Friday, April 24, 2009

The Shiloh Men

Mormon historians know well the name Albert Sidney Johnston. Born in Kentucky, he considered Texas his home. Johnston graduated from the U. S. Military Academy on 1826 and served in the U. S. Army until 1834 when he took up farming in Texas. Recognized for his military ability he was given considerable responsibility in the Texas Army; rising to senior brigadier general before being injured in a duel. He was appointed Secretary of War in the brief lived Republic of Texas. After fighting in the Mexican American War, he was given another position in the U. S. Army. In that role he headed the Army in the Utah War in 1857 (which would be a whole post by itself). His duty was to suppress the "rebellion" against the U. S. government.

When the Civil War broke out, he resigned his position in the U. S. Army and reported to Jefferson Davis in Virginia. Davis, an old friend from the U. S. Military Academy, made him the second highest ranking Confederate officer as commander of the Western Department. Johnston, who once suppressed "rebellion", was now in rebellion himself. But it was not to last. Johnston died on April 6, 1862 at the Battle of Shiloh in Tennessee, a date which was coincidently the 32nd anniversary of the founding of the Mormon Church.

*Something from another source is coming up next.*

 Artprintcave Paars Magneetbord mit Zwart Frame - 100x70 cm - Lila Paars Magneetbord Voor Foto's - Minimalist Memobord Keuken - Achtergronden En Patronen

The Battle of Shiloh was a very bloody battle. More Americans died in that one battle (23,746) than died in the Revolutionary war, the War of 1812 and the Mexican American war combined. At the time, it was the bloodiest battle in the conflict. By the end of the war, eight other battles would surpass it.

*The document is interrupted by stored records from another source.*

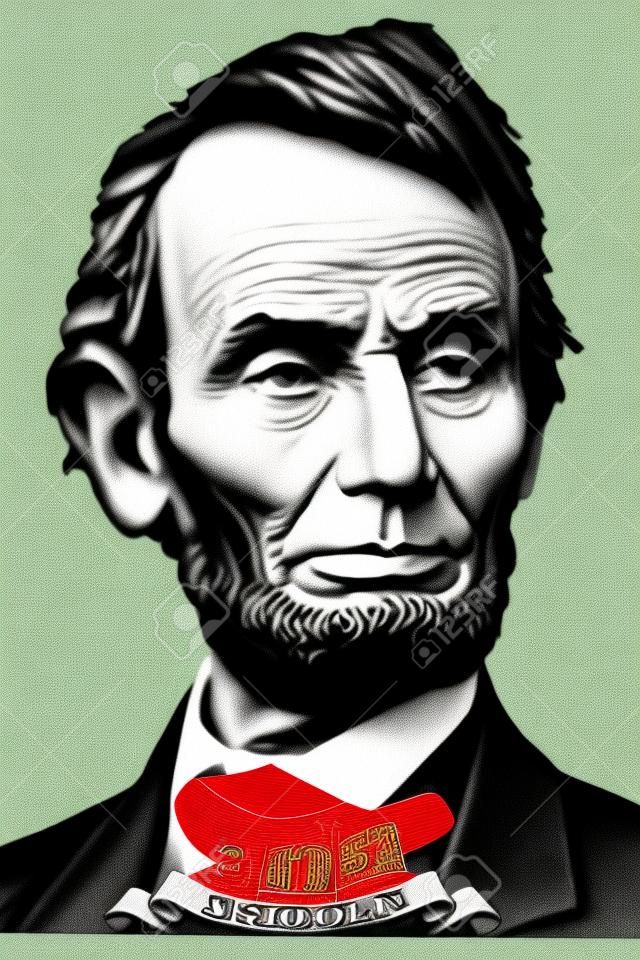 El retrato de Abraham Lincoln frente a un billete de cinco dólares.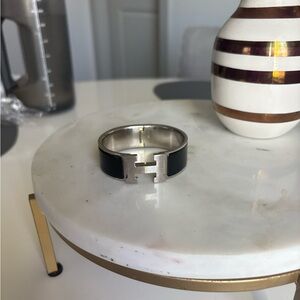 Hermes Clic Clac H Bracelet Authentic Black and Silver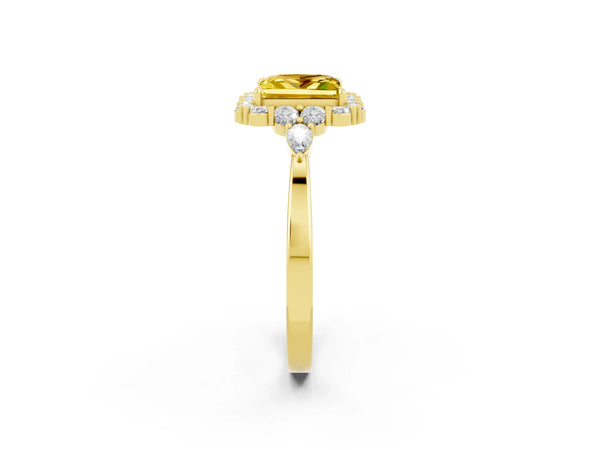 Yellow gold Princess Cut Yellow Sapphire Halo Ring with Pear Side Stones and Prong Setting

In Tennessee, however, Shiloh became a metaphor for the horrors of war and eternal damnation. The Battle of Shiloh happened only about 75 miles from Cane Creek. It may be that some of Cane Creek’s vigilantes were there. In that context, the vigilantes who burned down the Mormon chapel at Cane Creek chose the name “Shiloh Men” to describe themselves. They would eventually be called the “Red Cross Vigilantes” for the distinctive “red cross” used on their later notices and the badges they would sometimes made their targets wear.

Was there a connection between General Johnston’s history with Mormons in the Utah War and the vigilantes’ actions toward Mormons? Saying so is complete speculation. There is no evidence of any connection beyond the vivid imagination of conspiracy theorists. But to fuel the fire I will add this. General Johnston was shot in the back of his knee during a charge he was leading. The shot severed an artery and led to his death. Obviously the shot came from behind him and perhaps from one of his men.


Anonymous said...

Thank you for doing your homework. Shiloh Men was the telling term people were not understanding. Shiloh Men indicated the motives to the men who wanted the people to leave their county. From Another View Point: Cane Creek Massacre

Anonymous said...

"There is no evidence of any connection beyond the vivid imagination of conspiracy theorists"

By the way I am not a "conspiracy theorist", it would be a conspiracy theory to feel Johnston dying on April sixth was some form of divine justice. The War between the states was different than the Mormon Wars.

But as you found in your own research in the past weeks, there may be a link to MMM and to families in Hickman county.

BruceCrow said...

I don't believe I implied there was any "divine justice" involved in the date he died. I just said that it was a coincidence.

Nor am I sure the classic definition of conspiracy theorist includes my believing God had something to do with his death (no I dont believe God works that way).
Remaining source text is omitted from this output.